Non ottenendo nulla, nel gennaio 2009 gli ex studenti decisero di rendere pubblico il caso. Tuttavia il ricorso alla magistratura era inutile, perché nel frattempo era intervenuta la prescrizione.
“Il 23 gennaio dello scorso anno, nel corso di una conferenza stampa alla Camera dei deputati, abbiamo chiesto che il vescovo Zenti intervenisse affinché i sacerdoti accusati e ancora in vita rinuncino alla prescrizione, così la magistratura potrà fare le indagini necessarie” afferma Marco Lodi Rizzini, portavoce dell’associazione degli ex studenti. Un appello caduto nel vuoto, perché monsignor Zenti ha preferito strade diverse, una linea dura di contrattacco: in una conferenza stampa affermò di essere convinto che si trattasse “di una montatura, di menzogne”, e accusò Dalla Bernardina, presidente dell’associazione, di aver strumentalizzato i sordi: “Venne da me non a denunciare fatti di pedofilia, sia ben chiaro, ma ad accampare pretese sui beni immobili dell’Istituto”. Parole che sono valse al vescovo una querela che, nel luglio scorso, ha rischiato di essere archiviata. L’associazione ha proposto ricorso contro l’archiviazione e il prossimo 9 giugno il gip dovrà prendere una decisione. “L’affitto che ci viene richiesto per l’immobile su cui si dice che accampiamo pretese è di 200 euro” spiega Lodi Rizzini. “Se considera che siamo 420 soci, oltre il 90% dei sordi di Verona e provincia, bastano meno di venti centesimi ciascuno a pagare l’affitto. Quelle del vescovo Zenti sono accuse assurde. Continuano a parlare di pretese patrimoniali, ma noi non abbiamo mai chiesto soldi. Vorrei che specificassero di quali pretese patrimoniali si tratta”.

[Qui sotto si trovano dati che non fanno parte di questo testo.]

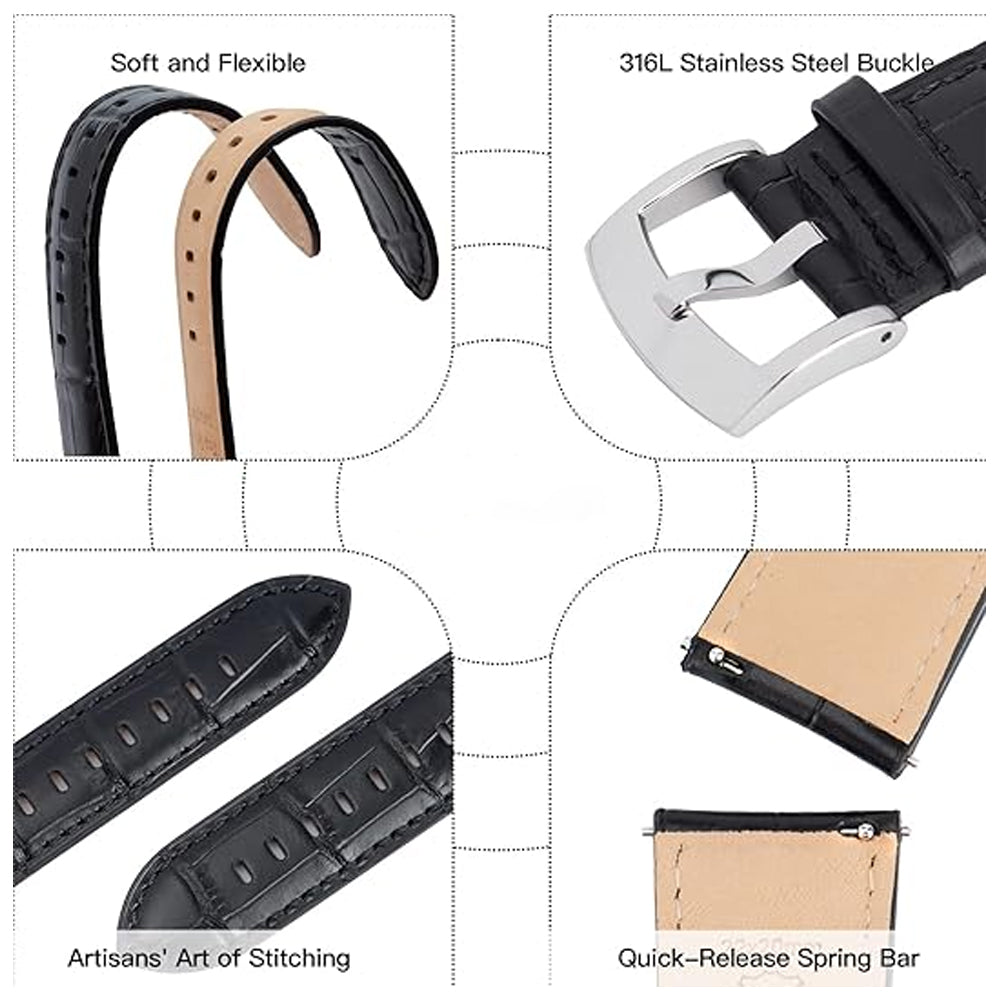 Alligator Pu-Leather Strap for Samsung Galaxy Watch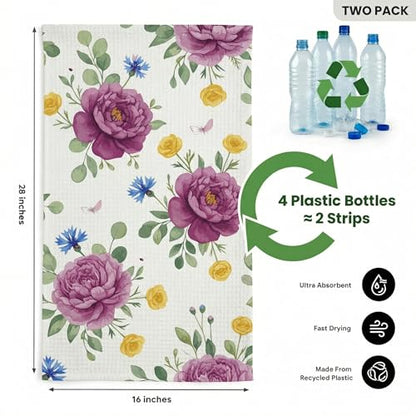 Waffle Kitchen Towels Set of 2 - Ultra Absorbent Quick Dry Dish Towels - Sustainable Reusable Cleaning Tea Towels - Lightweight Hand Towels for Kitchen & Bathroom, 16” x 28” (Plants) - style: Plants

Una parziale marcia indietro, una parziale ammissione c’è stata dopo un’indagine della Curia che ha acclarato alcune responsabilità. Poi, a metà di febbraio di quest’anno è stato reso noto che i casi di abusi saranno analizzati dalla Congregazione per la dottrina della fede, ma nessuno dei 67 ex studenti che hanno denunciato è stata sentito o contattato dai prelati del Vaticano.
Sulle vicende del Provolo, un cupo silenzio anche da parte dei politici italiani, fatta eccezione per i Radicali che, nel luglio scorso, presero anche parte ad una manifestazione organizzata a Verona dall’associazione. Un lungo corteo muto lungo corso Cavour, corso Portoni Borsari e piazza Bra, per chiedere che venisse fatta chiarezza. E giustizia.
“Negli Stati Uniti è stato aperto un anno ‘finestra’ per denunciare anche abusi subiti molti anni prima. In Irlanda è stato il governo a commissionare le inchieste che hanno svelato migliaia di abusi. In Germania il cancelliere Angela Merkel è intervenuta in maniera netta e decisa” prosegue Lodi Rizzini. “Occorrerebbe maggiore determinazione nel fare chiarezza anche in Italia.”